Tuesday 31 July 2012

Day Ten

Another day with nothing to say so I thought I would grab a picture (from the prettiest tumblr in the world owned by my lovely friend Charlie) and tell you the story behind it. For some reason this picture grasped my attention because I can imagine the person in it being pensive and it would be nice for my dear readers to know what she is thinking.  






I was shrouded in the scent of old books the second I set foot into the book shop, head ducked, watching my scuffed shoes carry my feet forward for me. In the distance between what was occurring in my head and reality I could hear wisps of the voices of the book shop owners tickling at my mind.
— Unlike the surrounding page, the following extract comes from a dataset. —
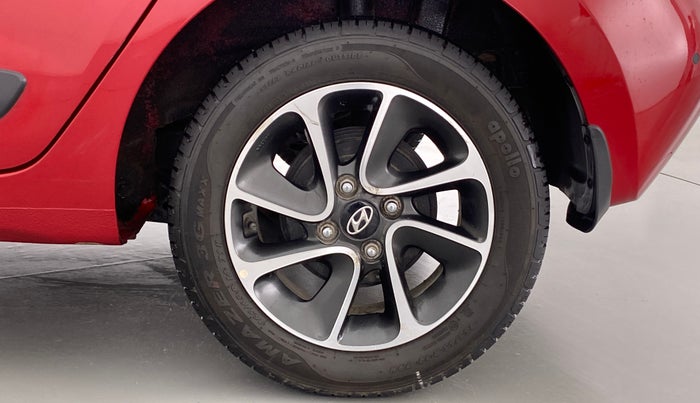 2018 Hyundai Grand i10 SPORTZ (O) 1.2 AT VTVT, Petrol, Automatic, 15,454 km, Left Rear Wheel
I shook them away, the wispy voices crumbling into dust in my head as Mr and Mrs Jones frowned at me and turned back to the piles of books they were sifting through. I picked my way through the stacks of books which were blocking my way; even physical things were closing in on me. I bit back tears.


I reached the coffee shop which was joint to the book shop, the fragrance of strong coffee glazing the scent of old books with another layer of hazy smoke, too sweet, too sickening, I couldn't breathe. Usually those smells would calm me, but I was wrapped up in everything that had happened over the past few days. I was choking on it all.
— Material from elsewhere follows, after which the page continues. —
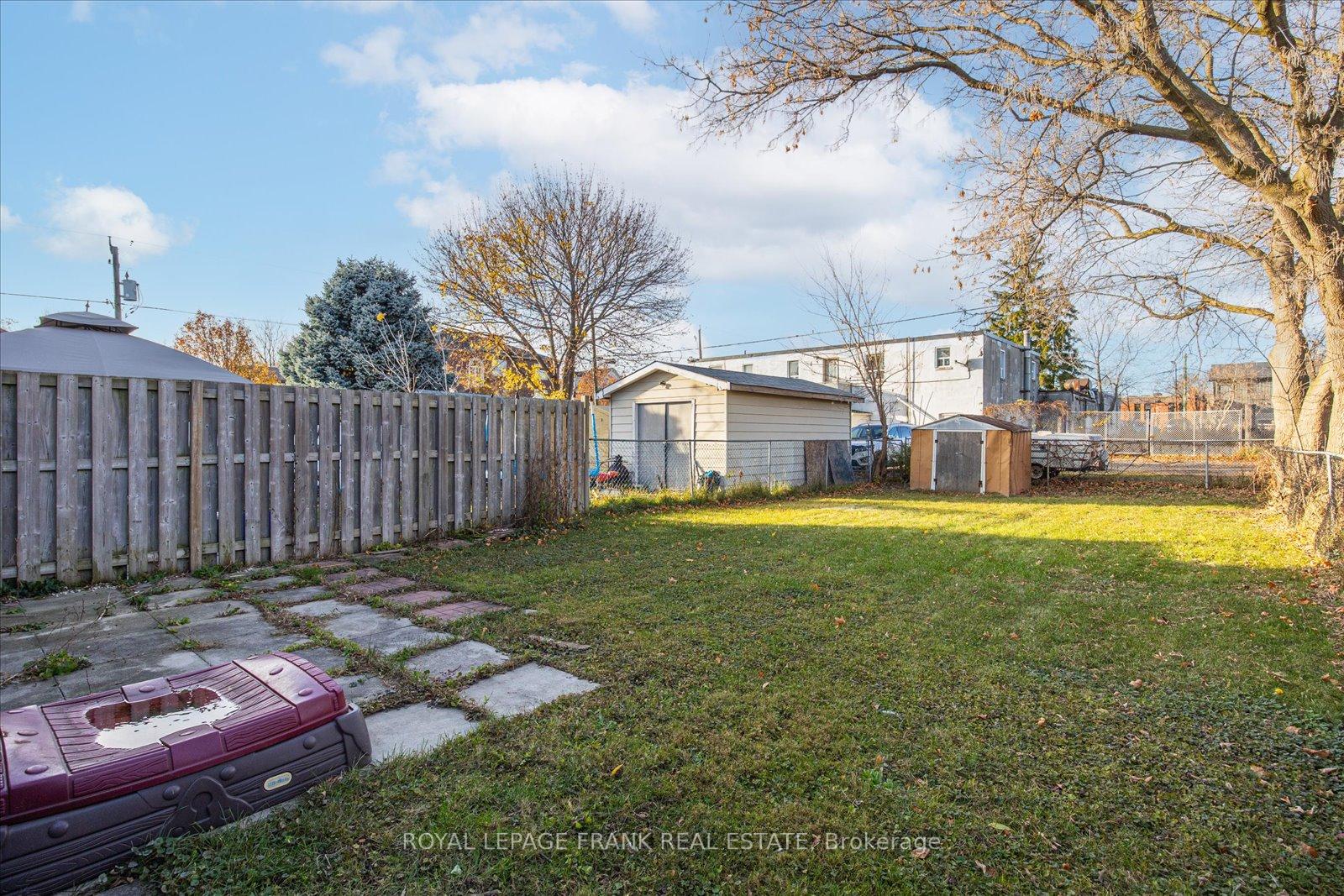 Photo 27 of 348 Pine Avenue, Oshawa, Vanier — HOMEH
I ordered a cup of tea; a cup of tea is strong and steady. It is controlled by the person who brews it. Control, exactly what I needed right now. I shakily went about my ritual, brewing the tea for exactly three and a half minutes before removing the tea bag and watching as the swirling flavours crowded the cup; they seemed flustered, confused and lost. I noticed this and hastily stirred the tea until it was calm and quiet once more.
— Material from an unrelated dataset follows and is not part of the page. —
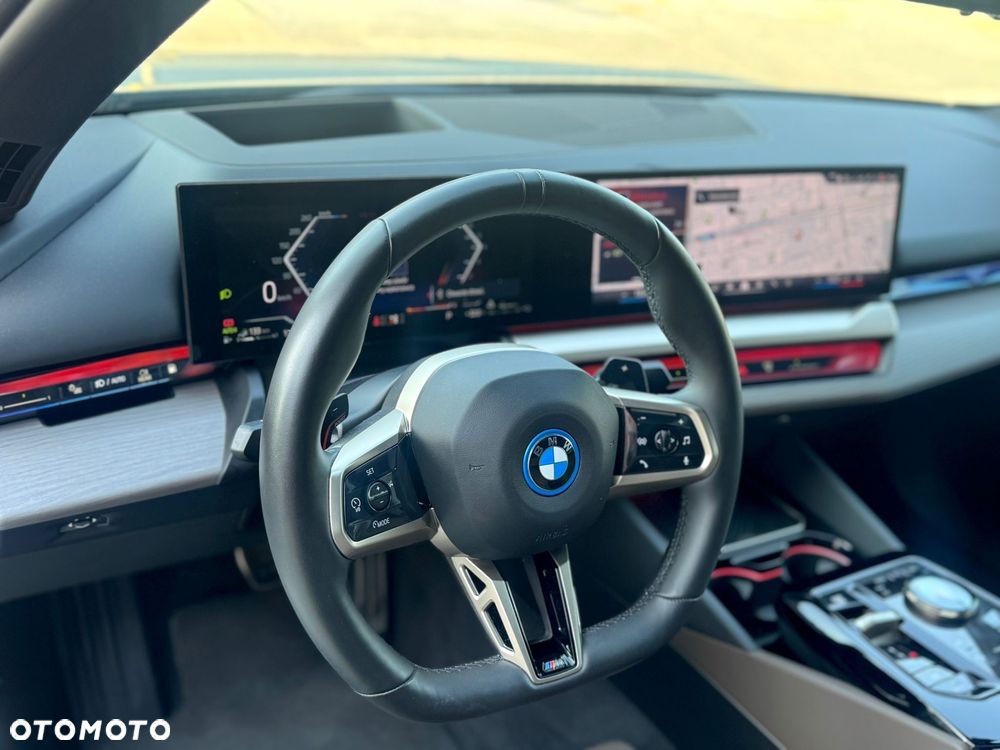 BMW Seria 5 550e xDrive PHEV M Sport - 19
I then gently poured in the milk, the smooth, lulling fluidity of the liquid as it poured into the tea gave me a moment to breathe. The tea was complete, and as I blew away the steam which was pirouetting from it I felt relaxed for the first moment in a long while.


I forgot about my dad, the car crash, my mother's spiraling depression, my uncle's abuse. I covered the bruises on my wrist with my sleeves and kissed them quickly through the fabric. Everything would be okay. I would be fine. I had a long cup of tea to mull things over and I could lose myself in a book or two. Reality slowly flooded away completely and my mind felt like a tranquil place. I'd look after myself now.


I have no idea what that was but there you go, that's the story of the girl in the picture.


I'm tired now, sorry this was left so late and is so awful and short. Good night, sweet reader.